Conflict already widening
A fully-fledged confrontation between Israel and Lebanon where rocket and weapons exchanges on the border with Israel have already claimed lives “would be a total disaster”, the UN Secretary-General insisted. Any escalation “needed to be avoided at all costs”, he said, just as attacks by Houthi fighters in Yemen on ships in the Red Sea had demonstrated that all efforts to date to resolve the Gaza crisis were “not enough”.
“It’s very important to address the humanitarian situation in Gaza, it’s very important to have a humanitarian ceasefire…but we need to find once and for all a total commitment of the international community for a Two-State Solution to exist in Israel and Palestine as the basis for a stable and peaceful Middle East for the benefit of everybody,” he said.
Territorial integrity is key
The only way for Israelis and Palestinians to live together in security “is if each one of them has a State”, the UN Secretary-General explained, expanding on his earlier remarks about the importance of respecting countries’ territorial integrity, in particular Ukraine’s, nearly two years after the full-scale Russian invasion.

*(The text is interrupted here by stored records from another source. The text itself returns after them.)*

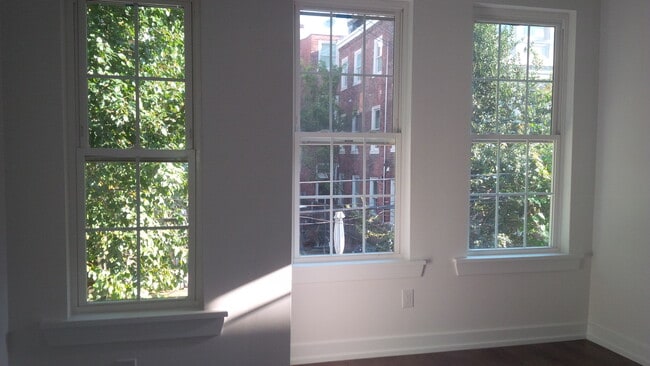 Building Photo - 2014 Mount Vernon St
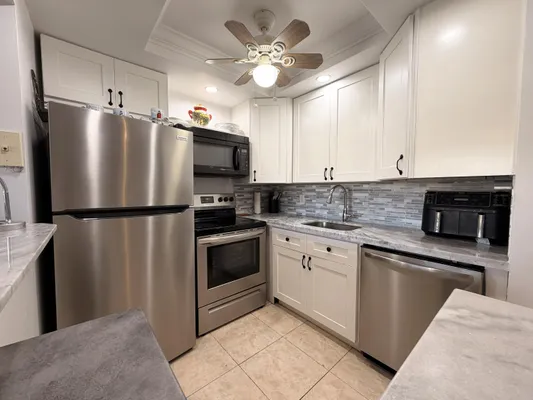 Property Slideshow image 2 of 13 | 29 berkshire b b, West Palm Beach, FL, 33417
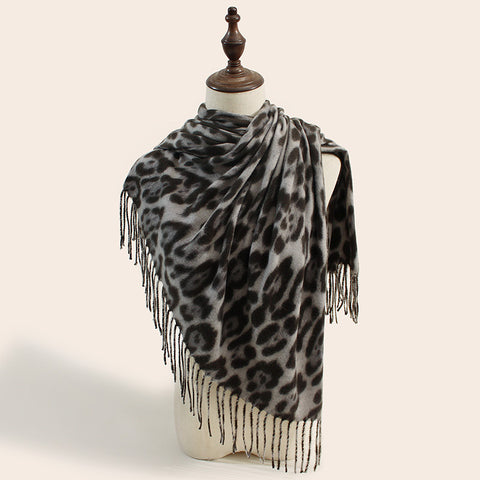 Darrahopens Fashion > Women's Fashion > Women's Accessories 2-Piece Grey Leopard Elegant Faux Cashmere Shawl - Warm and Versatile 200 cm Long European-Style Scarf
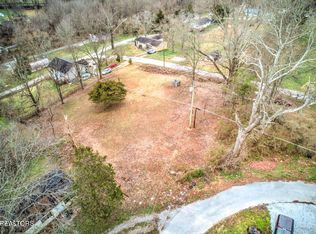 S 15th St, La Follette, TN 37766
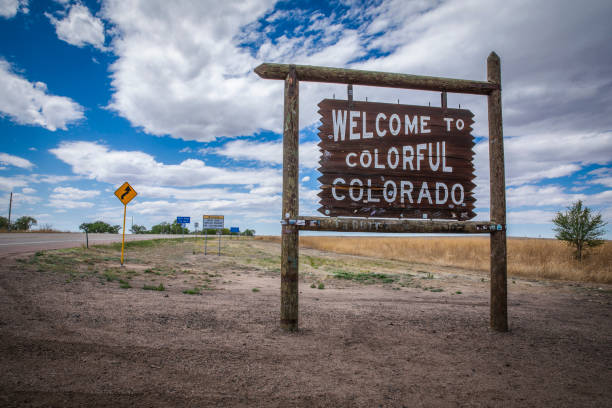 istock Colorado State Line Sign 2160163836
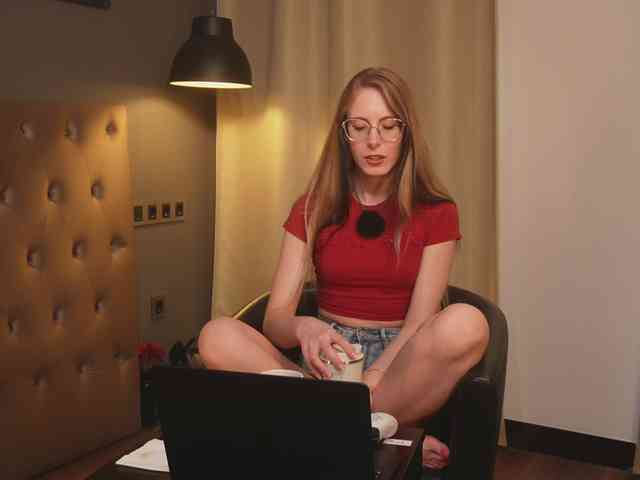 Nikki-Gia webcam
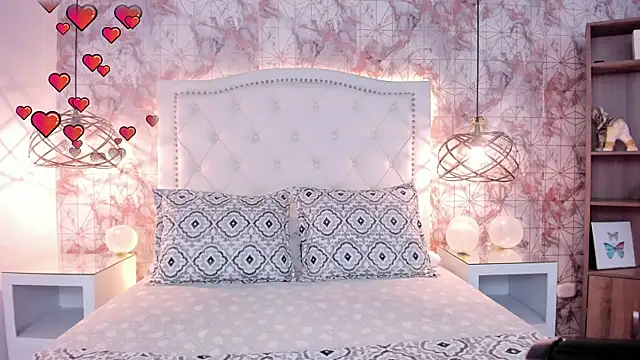 ScarletMore online show from February 15, 1:09 pm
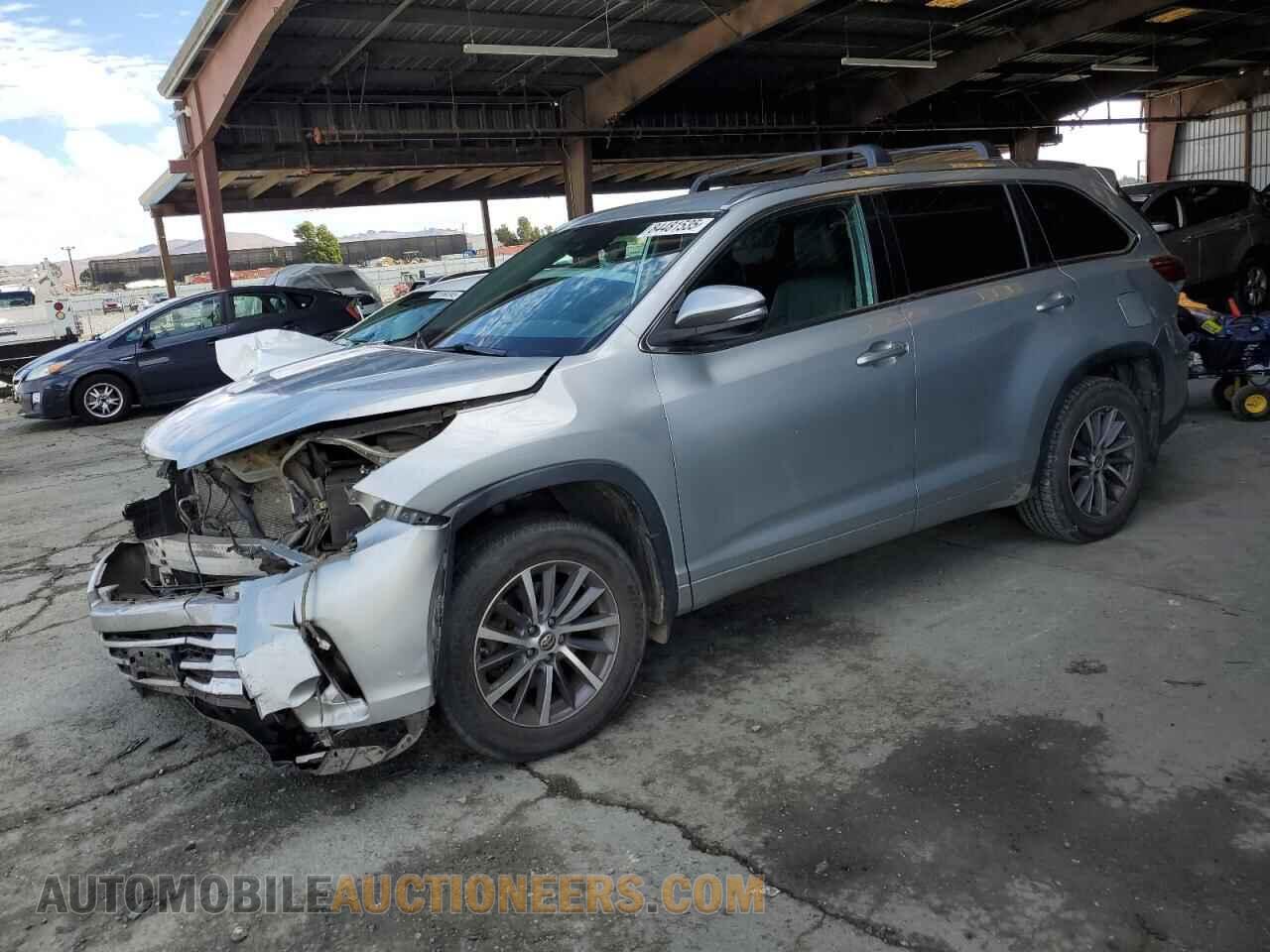 5TDJZRFH2JS542422 TOYOTA HIGHLANDER 2018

“From Russia’s invasion of Ukraine, to Sudan, and, more recently, Gaza, parties to conflict are ignoring international law, trampling on the Geneva Conventions and even violating the United Nations Charter,” Mr. Guterres said, before noting that geopolitical divisions had become a major threat to the “faltering” global economy.
In a call to world leaders and the private sector to prevent further damage to trust in governments and the institutions that form the bedrock of global cooperation, the UN Secretary-General urged them to back reforms of financial institutions “to get the world back on track to safety, prosperity and peace”.
‘Hellbent’ on global warming
Many of the world’s ills were the result of a disconnect between “the rich, the big and the rest of the world”, he continued, in an appeal for a “serious conversation” between industrialised nations and emerging economies that were “drowning in debt”.
Countries in the Global South were so crippled by high interest rates that they were unable to future-proof their citizens when implementing the Sustainable Development Goals had never been more important, Mr. Guterres insisted, just many countries remained “hellbent” on raising emissions of greenhouse gases.